Robustness asks whether performance degrades gracefully or collapses abruptly when conditions deviate from nominal. Automotive safety testing evaluates sensor failure responses; aviation qualification tests hardware against temperature extremes and electromagnetic interference. For agents, this means measuring sensitivity to tool failures, environment changes (reordered JSON fields, renamed API parameters), and semantically equivalent prompt reformulations.

Predictability asks whether the agent knows when it is likely to fail. Nuclear risk assessment models failure modes and quantifies their probabilities; aviation certification assigns probability targets by severity category. For agents, this means assessing whether confidence scores are calibrated — does an agent claiming 80% confidence actually succeed roughly 80% of the time?

Safety asks how severe the consequences are when failures occur. Not all failures are equal: returning results in the wrong sort order is benign, but executing an unintended DELETE statement is catastrophic. Safety-critical fields separate failure probability from failure consequence, and agent evaluation should do the same.

Twelve Concrete Metrics

Each dimension decomposes into specific, computable metrics that are independent of raw accuracy. This independence is critical — a highly capable agent can be unreliable, and a less capable agent can be highly reliable within its operating envelope.

Consistency Metrics

Outcome consistency measures whether the agent succeeds or fails consistently on repeated attempts at the same task, normalized by the maximum possible variance for a given success rate. Trajectory consistency captures whether the agent takes similar paths, measured both distributionally (do action type frequencies match?) and sequentially (does action ordering match?). Resource consistency quantifies variability in cost, latency, and API calls across identical requests.

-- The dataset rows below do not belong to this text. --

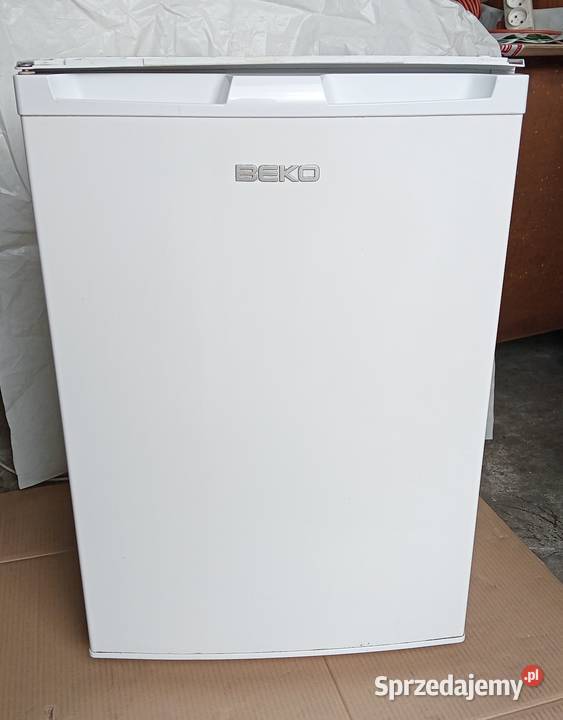 Lodówka Beko mała z zamrażarnikiem 100 sprawna Jaworzno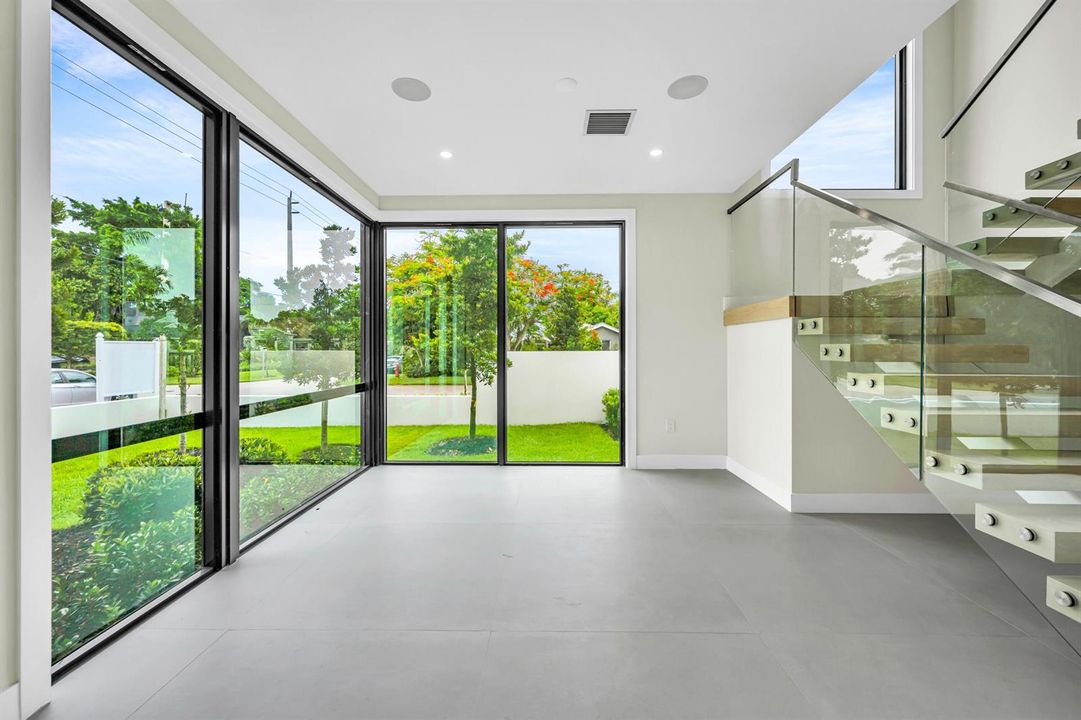 445 NE 11TH AVE-10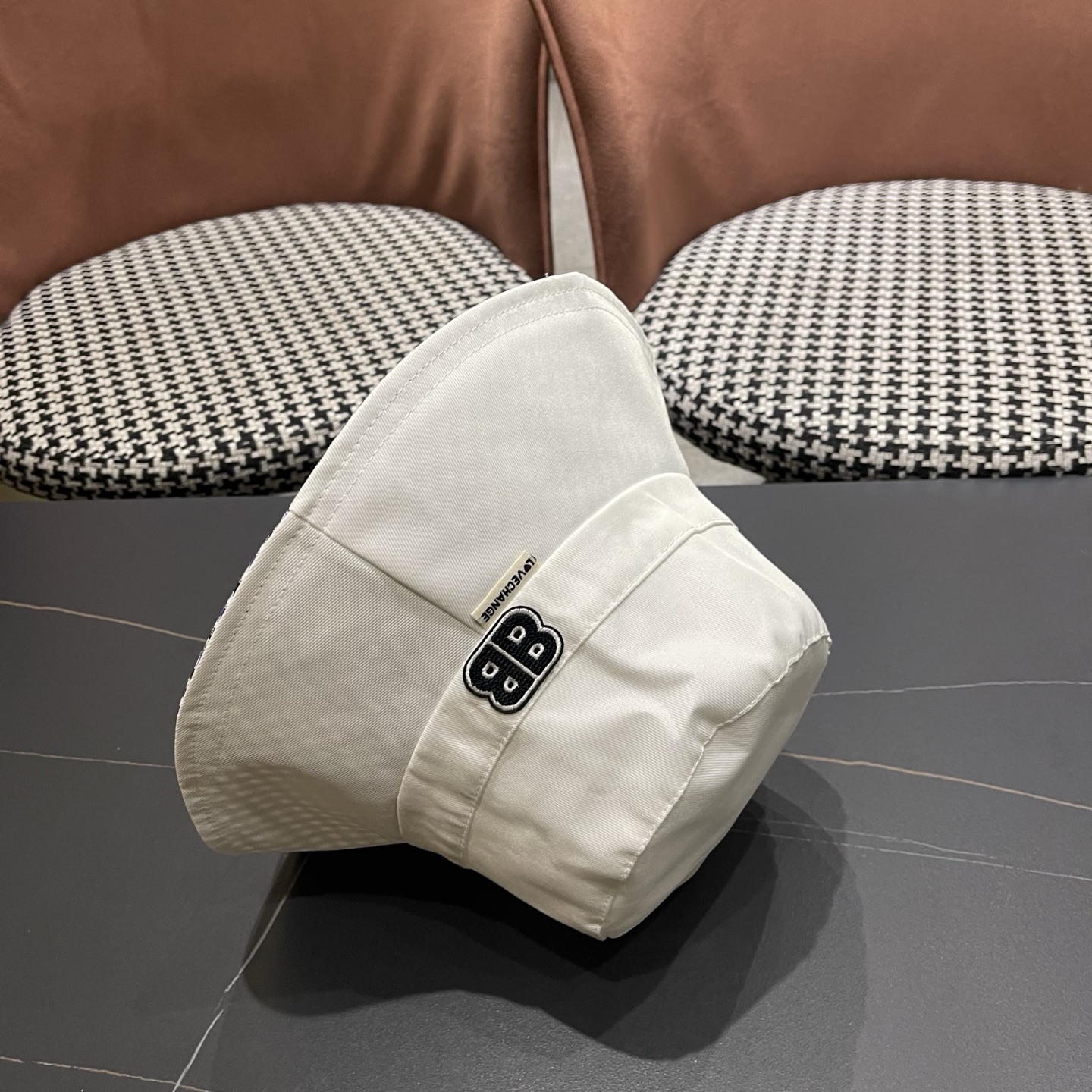 BALENCIAGA巴黎世家 渔夫帽子春季新款简约水桶帽百搭日系时尚盆帽遮阳潮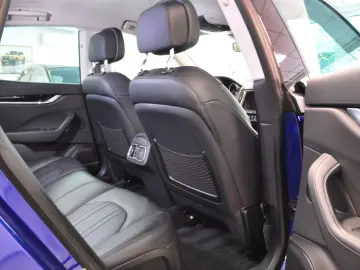 Maserati Levante Q4 340 CP 3.0i Turbo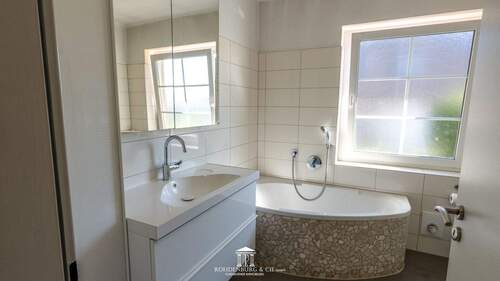 Vollbad im Erdgeschoss - 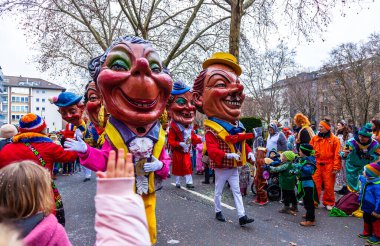 14 Şubat 2026. Mainz, Almanya. Çocuklar ve Gençlik Maskesi Yürüyüşü, kostümlü çocuklar ve gençlerden oluşan canlı bir karnaval aldır. Editör fotoğrafı.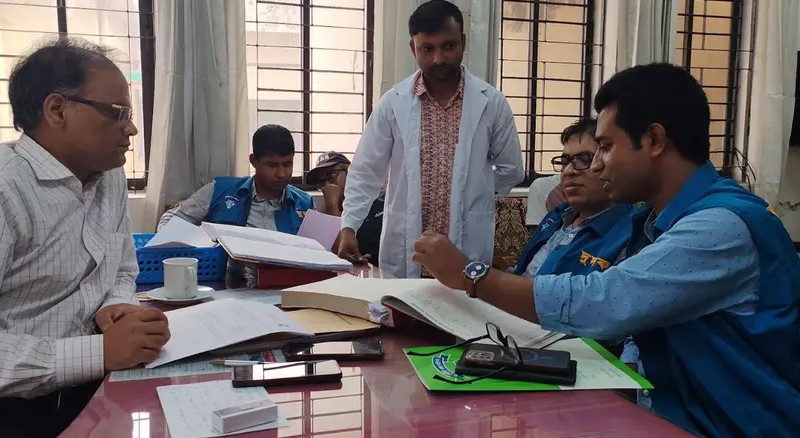  পিরোজপুর সদর হাসপাতালে ডেঙ্গু পরীক্ষা ও রোগীদের খাবার সরবরাহে অনিয়মের অভিযোগে দুদকের অভিযান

For robustness, three metrics cover distinct perturbation types: fault robustness measures resilience to infrastructure failures like API timeouts and malformed tool responses; environment robustness captures sensitivity to semantic-preserving changes in the operating environment; and prompt robustness measures invariance to equivalent reformulations of instructions.

Predictability uses three scoring-rule metrics: calibration (do stated confidence levels match empirical success rates?), discrimination (can confidence scores separate successes from failures?), and the Brier score as a proper scoring rule that jointly penalizes both miscalibration and poor discrimination.

Safety separates compliance (does the agent respect operational constraints like avoiding PII exposure?) from harm severity (when constraints are violated, how bad are the consequences?). The overall safety score follows the classical risk formulation: risk equals the product of violation probability and expected severity.

Reliability (R)
├── Consistency (R_Con)
│   ├── Outcome consistency       (C_out)
│   ├── Trajectory consistency    (C_traj)
│   └── Resource consistency      (C_res)
├── Robustness (R_Rob)
│   ├── Fault robustness          (R_fault)
│   ├── Environment robustness    (R_env)
│   └── Prompt robustness         (R_prompt)
├── Predictability (R_Pred)
│   ├── Calibration               (P_cal)
│   ├── Discrimination            (P_AUROC)
│   └── Brier score               (P_brier)
└── Safety (R_Saf)  [reported separately]
├── Compliance                (S_comp)
└── Harm severity             (S_harm)

What the Data Shows

Evaluations of 14 agentic models across two complementary benchmarks — GAIA (general assistant tasks requiring web browsing and multi-step reasoning) and τ-bench (customer service simulations with consequential actions) — reveal several patterns that matter for practitioners.

Reliability gains lag behind capability gains. Despite 18 months of model releases showing steady accuracy improvements, overall reliability shows only modest improvement. The correlation between accuracy and reliability varies across benchmarks, confirming that capability gains do not automatically yield reliability.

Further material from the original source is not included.